A Proposal for an Integrated Solution
A Proposal for an Integrated Solution
With the increasing diversity of measurable biological variables, and their subcellular
characterization, the opportunities for mechanistic (bottom-up) modeling have expanded
significantly in recent decades. In particular, higher-dimensional partial differential
equation (HD-PDE) strategies have been successfully employed in predicting resistance
phenomena for solid tumors, allowing the simultaneous exploration of correlated dynamics
across multiple biochemical variables.[18]
[19]
In the case of AML, where spatial dynamics are more challenging to measure in clinical
practice and are not routinely considered during disease evaluation, in situ, there is potential to utilize these additional dimensions of the model to predict
“leukemic cell escape” to sanctuary sites that decreases exposure to disease-modifying
therapy, or results in false-negative results during MRD testing. Likewise, individual
mutations in, for instance, FLT3 or TP53, can be quantitatively explored, in conjunction
with multiple, existing therapeutic strategies, with no patient exposure. Downstream
effects of these mutations, such as in ligand modification, can also be tracked and
modeled to produce an intricate and realistic model of fundamental, intrapatient,
tissue-scale dynamics, informing overall disease response. In addition, increased
biochemical resolution, through integration of pharmacodynamics of disease modifying
therapies with pharmacokinetics, including pharmacogenetics and pharmacogenomics,
will allow for quantitative simulation of relative drug and metabolite concentrations
within the cell, and a subsequent investigation of clinical and biological implications.

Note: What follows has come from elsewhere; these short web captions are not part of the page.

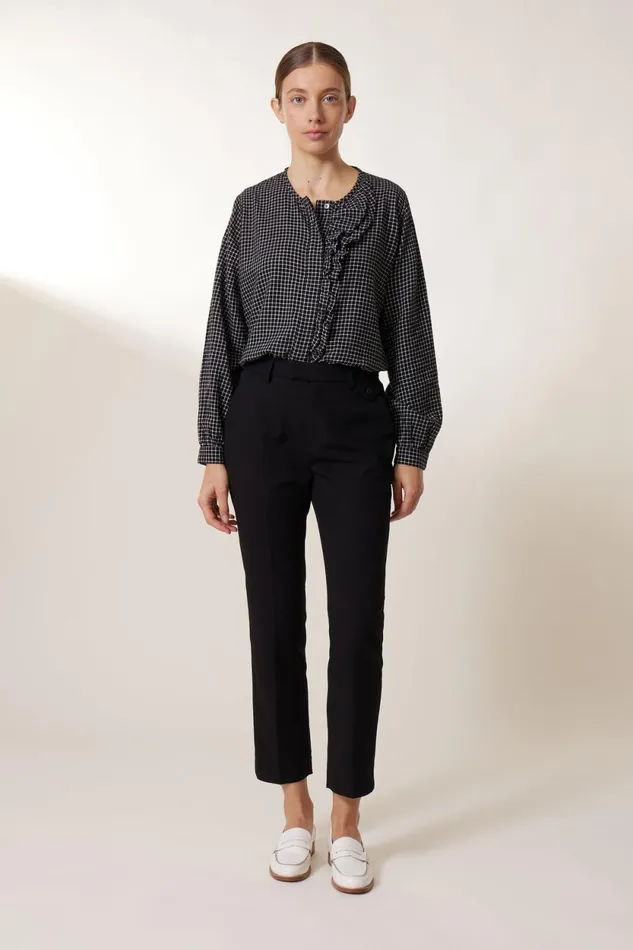Shirts and Blouses Women Leon and Harper Colina Checki Blouse Black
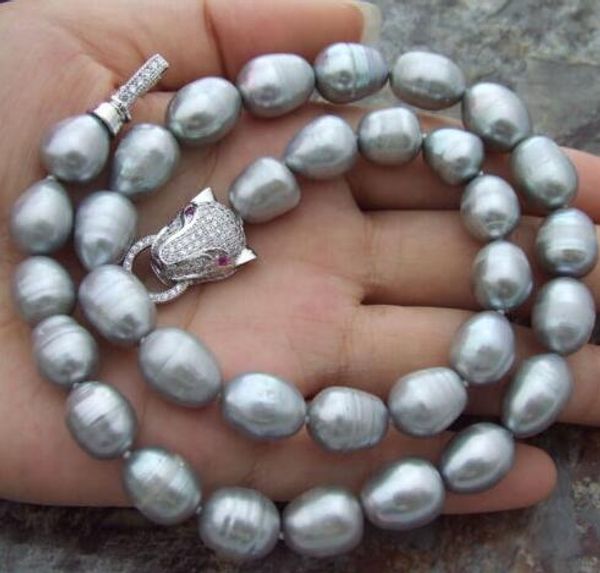 

stunning 11-12mm south sea silver gray pearl necklace 18 inches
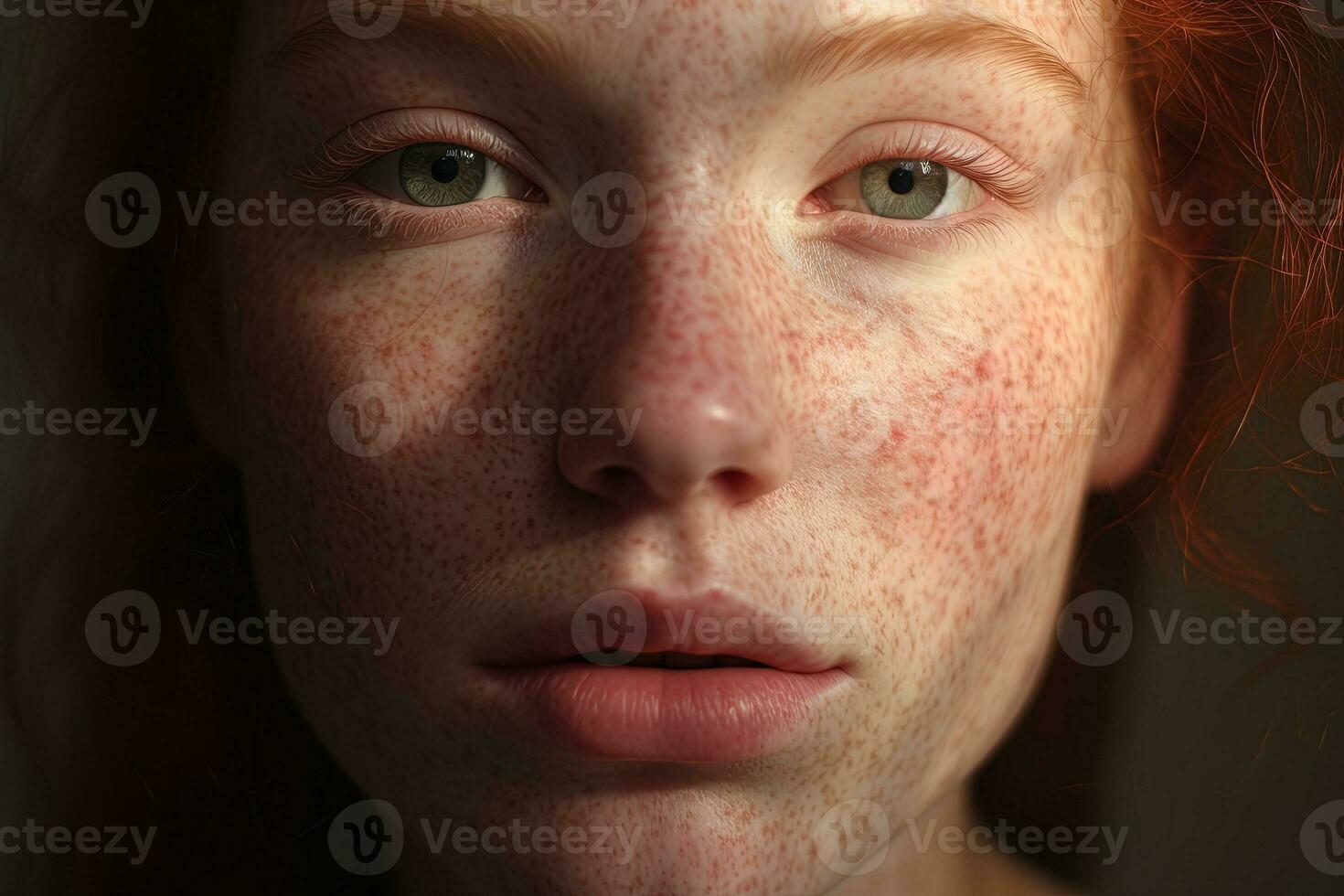 a close up of a woman with freckles,rosacea couperose redness skin AI generated photo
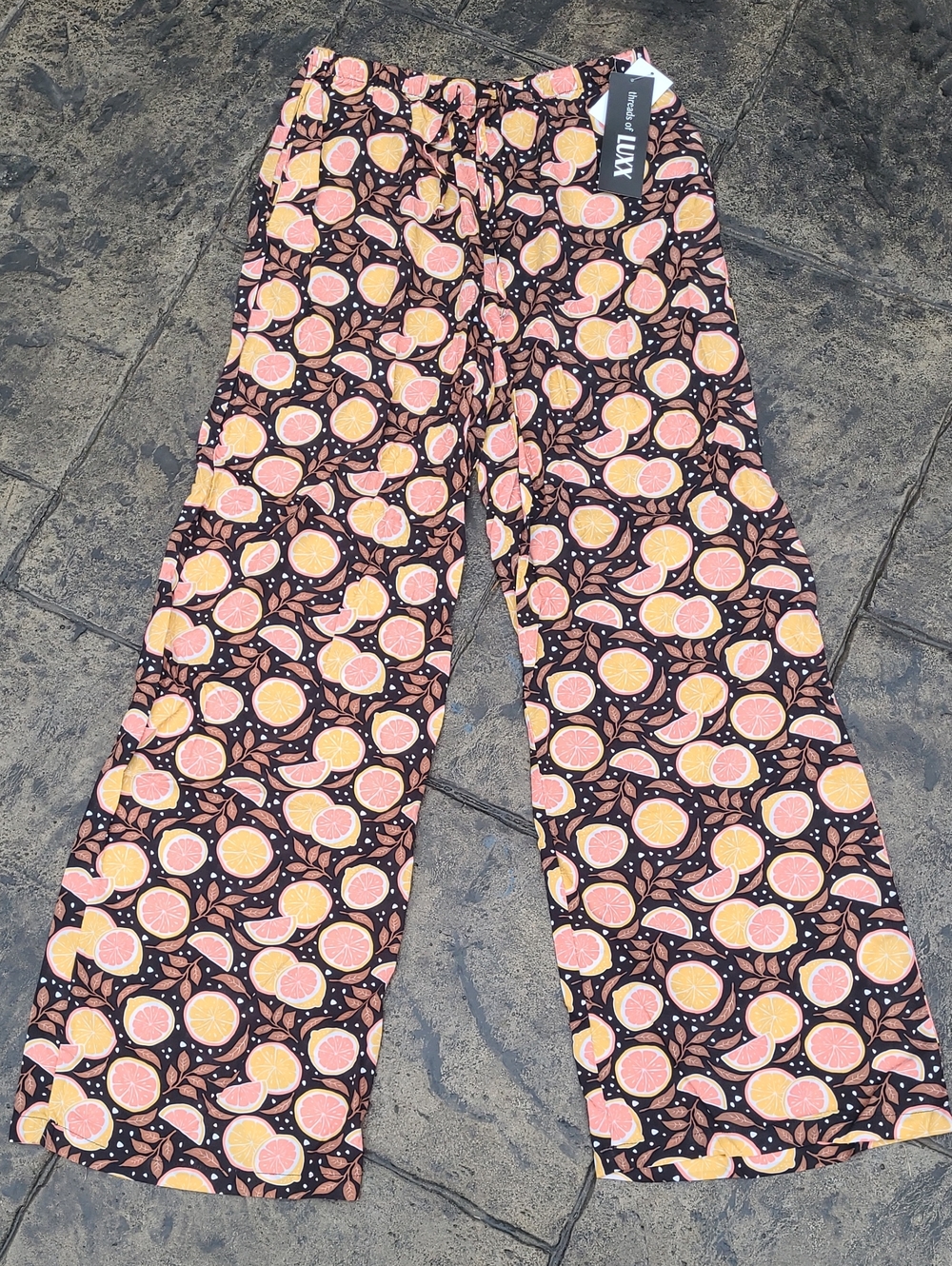 NWT! Threads of Luxx Womens Medium bold playful citrus lightweight rayon pants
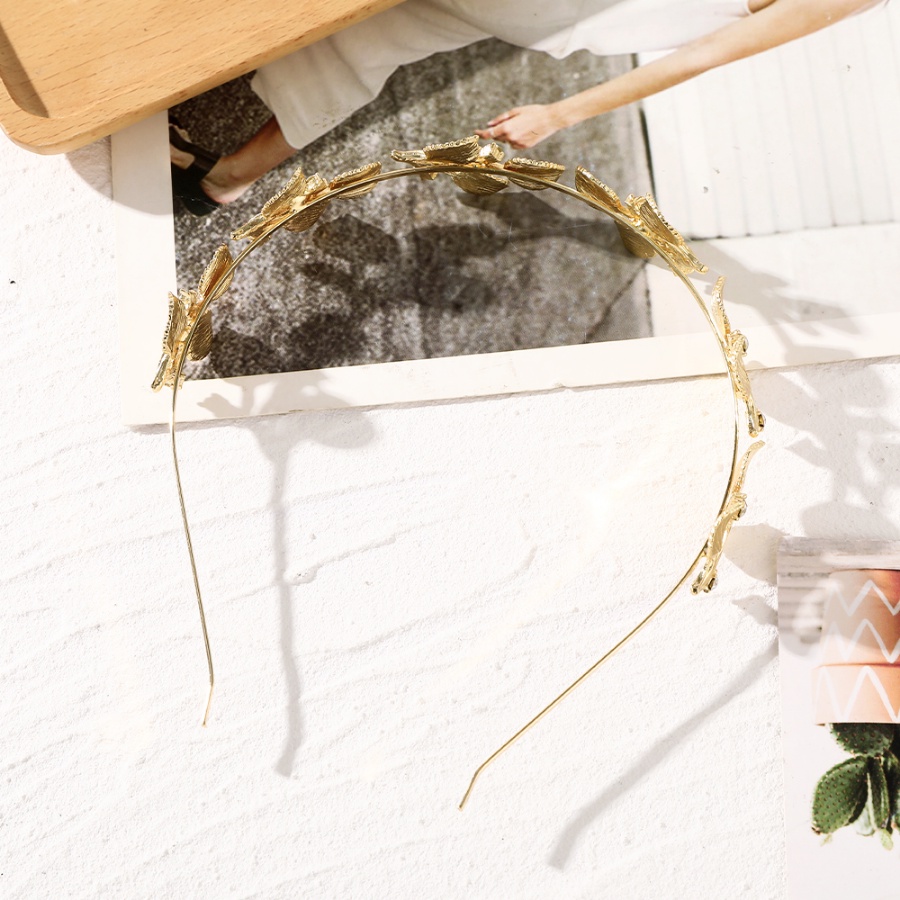 Băng Đô Cài Tóc Hình Lá Bằng Hợp Kim Có Đính Đá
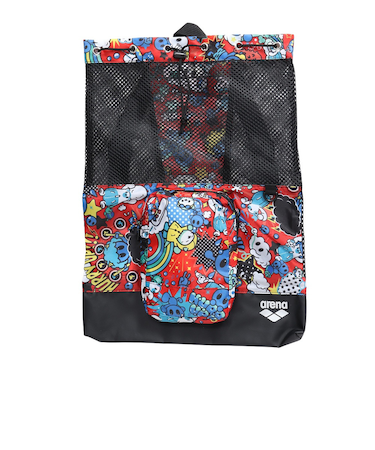 アリーナ（ARENA）水泳バッグ メッシュバックパック 総柄 約9L 赤×シルバー AS6SBP16U RDSL ナップザック アリーナくん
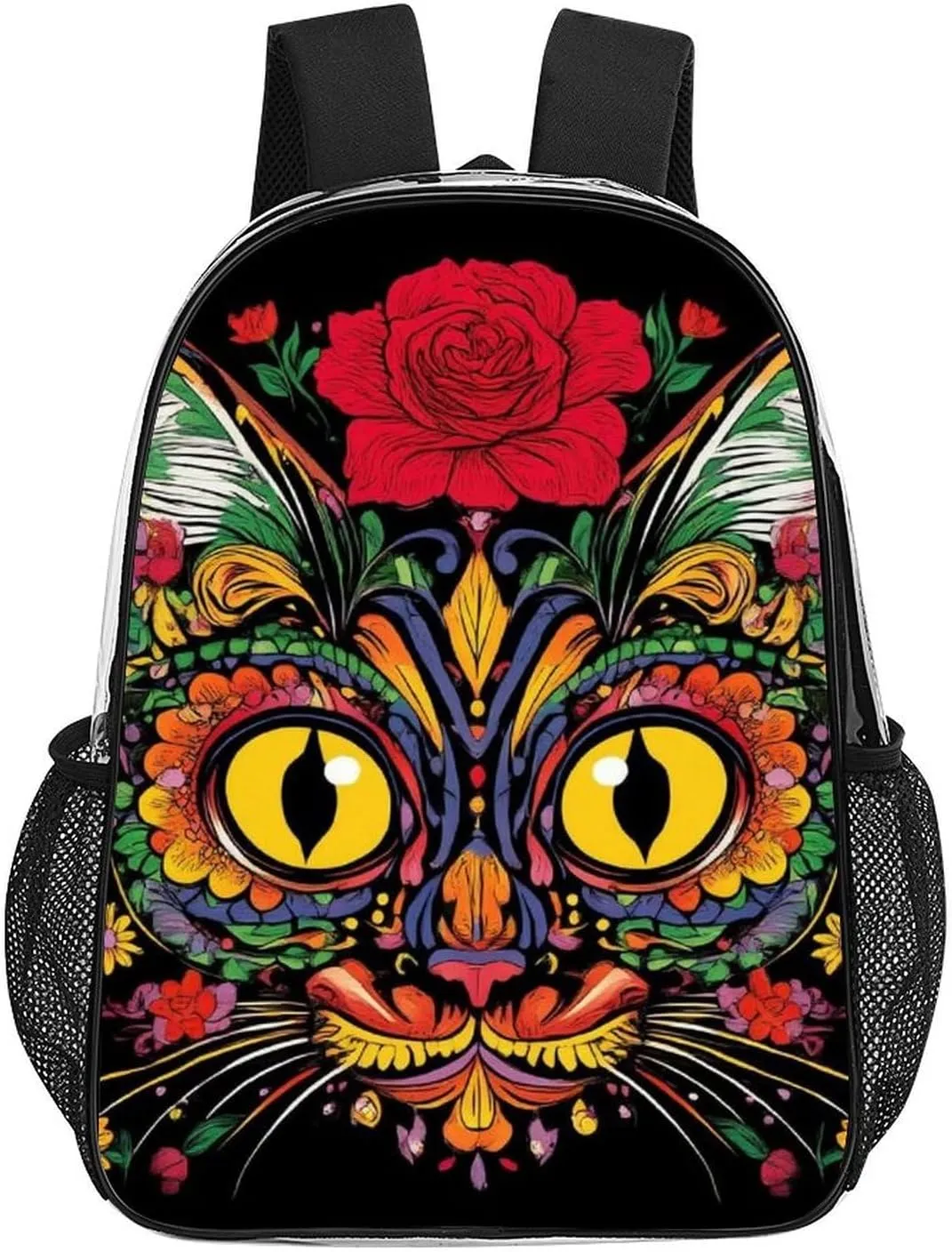 Men Women Transparent Day Of The Dead Kitty Cat Sugar Skull Casual Daypack Large Capacity Carry On Bag With Adjustable Shoulder Straps for Camping Work Running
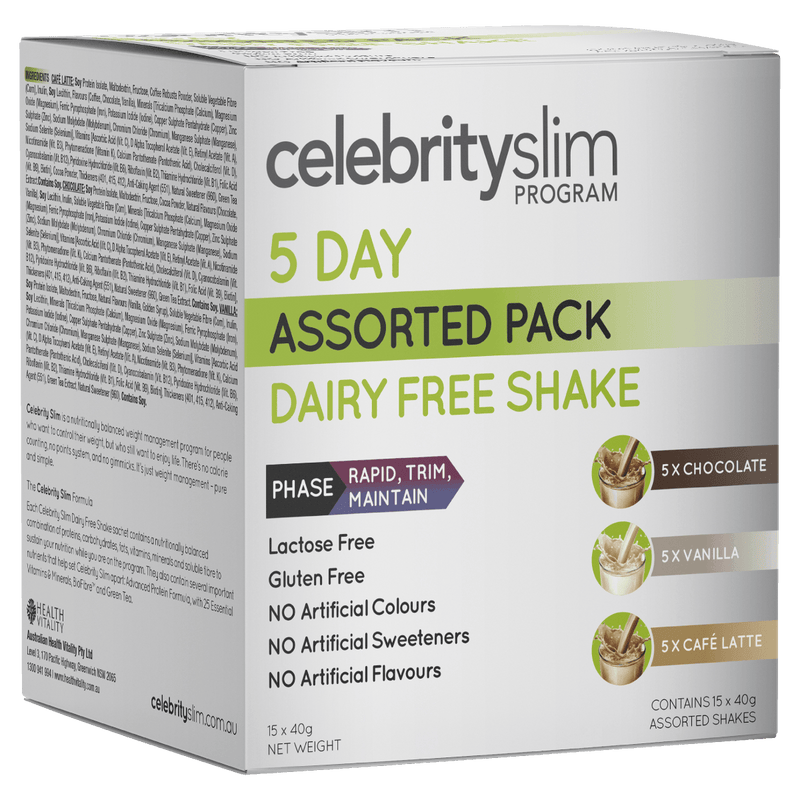 Celebrity Slim 5-day Assorted Shake Pack Dairy Free 15 x 40g - VITAL+ Pharmacy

For such models to have a meaningful impact, however, seamless integration into a
data-driven modeling pipeline with multiple parallel processes is essential. Once
data is collected and systematically separated into “fitting” and “validation” sets,
initial HD-PDE modeling can commence. This involves mechanistically quantifying and
modeling compound-related cell-scale data, ideally within a pharmacokinetic model
super-structure. Subsequently, outcomes from these simulations should be compared
with the “fitting” dataset (without “validation” data), in an iterative process that
may require modeling updates at every scale. Finally, the finalized HD-PDE model may
undergo comparison against the “validation” dataset in a process itself known as “validation,”
where the model's future predictive capacity is determined based on how well it aligns
clinical procedures with outcomes. This iterative process results in a fully parameterized
mechanistic model with clinical relevance.
The exciting step would indeed be the utilization of this model to explore new clinical
territory, such as the novel comparison of existing treatment options for the same
indication, or in heterogeneous patient groups or subgroups, prognostic and predictive
risk-stratification for MRD measurements, and therapeutic advances in areas of significant
unmet need. It is now prime time for clinical trial-driven attempts, aimed at optimizing
necessary treatment, to be complemented with bold, cutting-edge, computational solutions.